BoE ‘Jelly Babies’ need to show some backbone and slash interest rates NOW | Personal Finance | Finance

If BoE rate setters on its monetary policy committee (MPC) lived in the real world, we’d all be getting excited about lower borrowing costs. Unfortunately, they don’t. Like Basset’s Jelly Babies in the old TV ads, they live in a wibbly, wobbly world of their own, and we’re all paying the price.

MPC members exist in a rarified realm of data, tables and forecasts, but those forecasts rarely coincide with reality.

Worse, the MPC knows this, but it still slavishly follows them, because doing otherwise would involve original thought, and Jelly Babies aren’t up to that.

The MPC contains nine members, including BoE governor Andrew Bailey, to give it a range of voices and views. But what’s the point if they all think the same?

If MPC members didn’t sign up to BoE group think, they wouldn’t have been appointed in the first place.

It’s not just me saying that. In November, a House of Lords report blamed today’s inflation nightmare on “a lack of intellectual diversity within its most senior ranks”.

Again, it reminds me of those wibbly, wobbly Jelly Babies. They come in green, yellow, red, black… but all taste broadly the same.

The Lords also slammed the BoE’s “inadequate” forecasting models, something I’ve been banging on about for ages, labelling it the world’s worst forecaster.

The respected Centre for Business and Economics Research (CEBR) says the MPC should have know throughout the cost-of-living crisis that BoE forecasts were “largely inaccurate”.

Yet they refused to accept it.

While inflation has been resurgent worldwide, the UK has been hit far harder than most and that’s down to the BoE’s failure to see the danger coming.

Now it’s making the opposite mistake, by refusing to accept that inflation is on the run.

At midday on Thursday, the MPC will announce its latest rate decision, and NOBODY expects it to do the right thing and cut rates from today’s 5.25 percent.

Rates will stay where they are while Andrew ‘Jelly’ Bailey and his stretchy, squashy team of rate setters examine all the wrong data and come to the wrong conclusion at the wrong time.


Cutting rates would take a little bit of backbone. Which is something Jelly Babies don’t have.

This is a disaster because we really need that rate cut. It would ease pressure on 1.5 million mortgage borrowers whose fixed rates will expire this year, and face paying up to £500 extra a month.

Swift action could spare thousands the agony of losing their homes and help the UK swerve a recession. It might ease the pressure on food banks, too.

Inflation did creep up slightly in December, but that’s likely to be a blip. Latest British Retail Consortium data shows shop price inflation plunged in January to 2.9 percent, sharply down from 4.3 percent in December.

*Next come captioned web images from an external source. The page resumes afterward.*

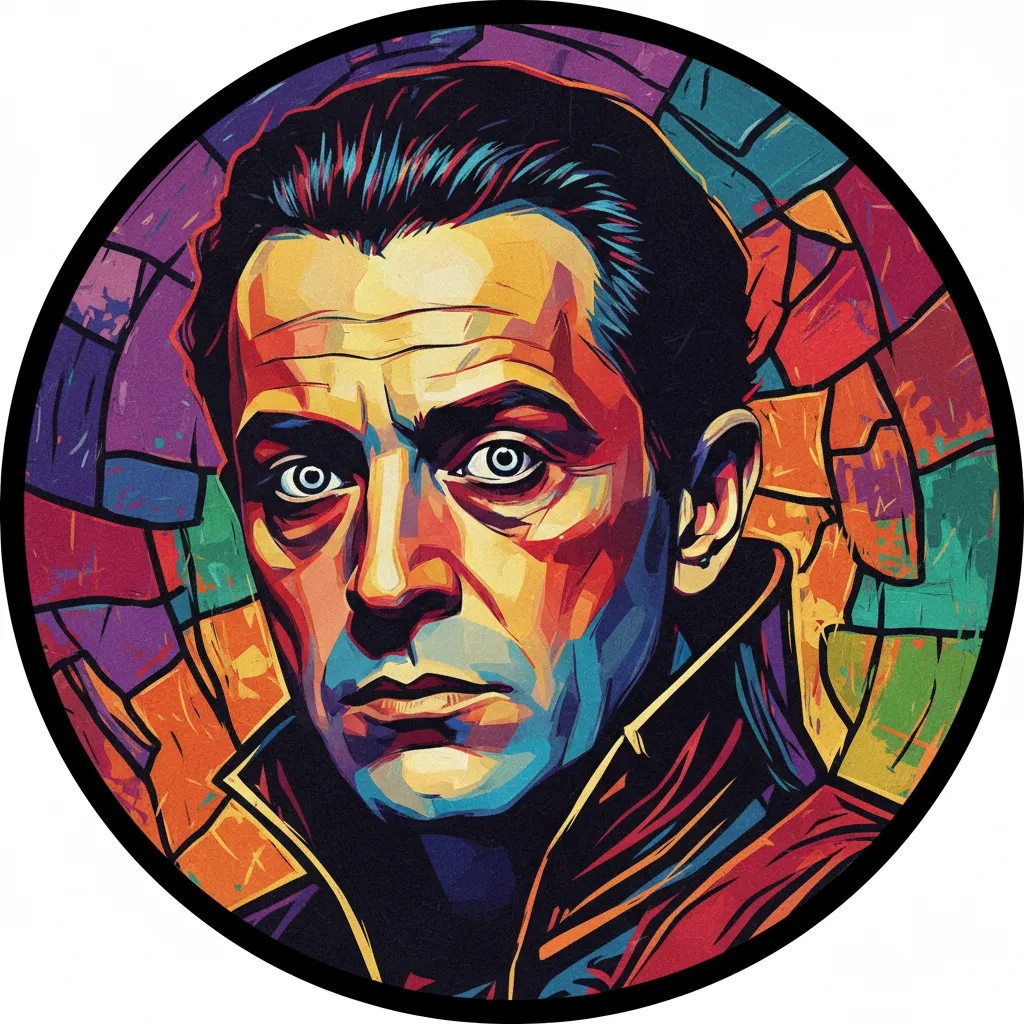 Artistic portrait of Werner Krauss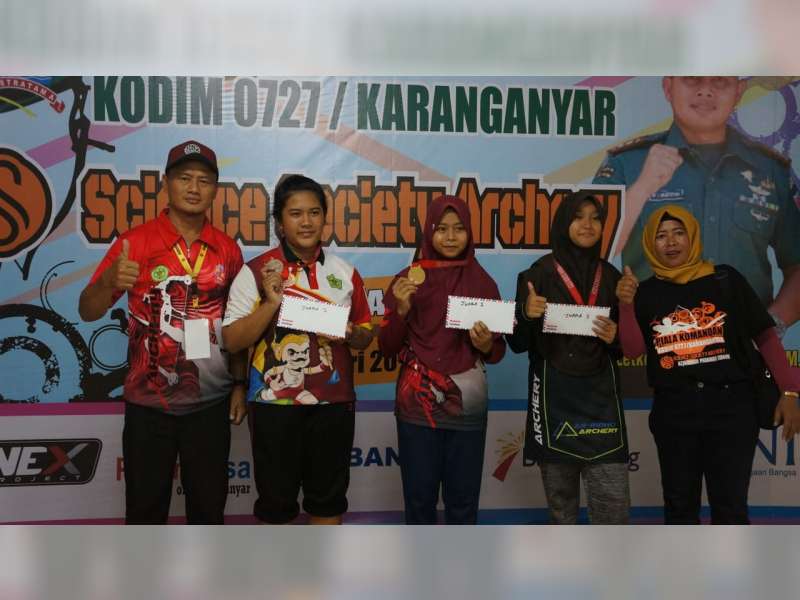 Atlet Panahan Blora, Raih Empat Medali Emas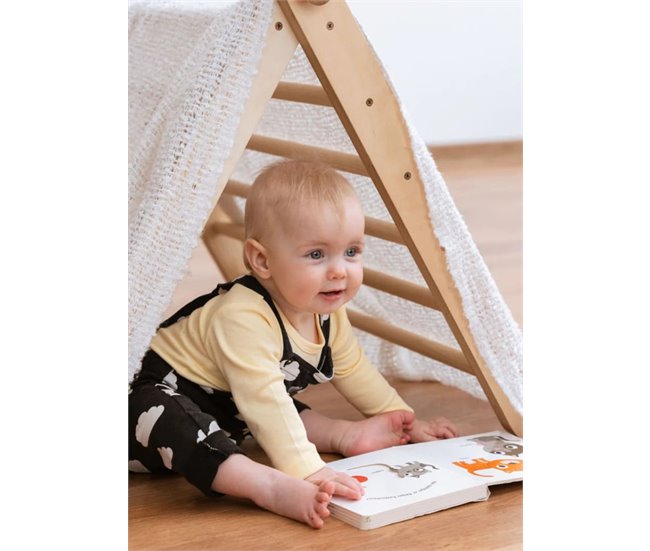 Triângulo de escalada SIPITRI de 2 segmentos, altura ajustável Madeira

Forecasters at Dutch bank ING reckon inflation will drop below the BoE’s two percent target as early as April.

Yet last month, two MPC members voted for an interest rate hike!

READ MORE: Expert says there’s ‘still time’ to save UK economy from ‘rock bottom’ recession

Worse, highly renumerated BoE staff are blaming inflation on us. Economist Huw Pill says our massive pay rises are driving wage-price inflation and we have to accept being worse off.

That’s another sign that they don’t live in the same world as us.

As well as lifting households and businesses, an interest rate cut would ease burden on the government coffers, by driving down debt repayments.

MPC members need to see and hear what’s happening to households, businesses, the high street and other corners of our beleaguered economy.

Sadly, that requires eyes, ears, brains and a heart, and Jelly Babies don’t have any of those faculties.

Maybe I’m being too harsh. On Jelly Babies. I’m a big fan, I just don’t want them running the economy.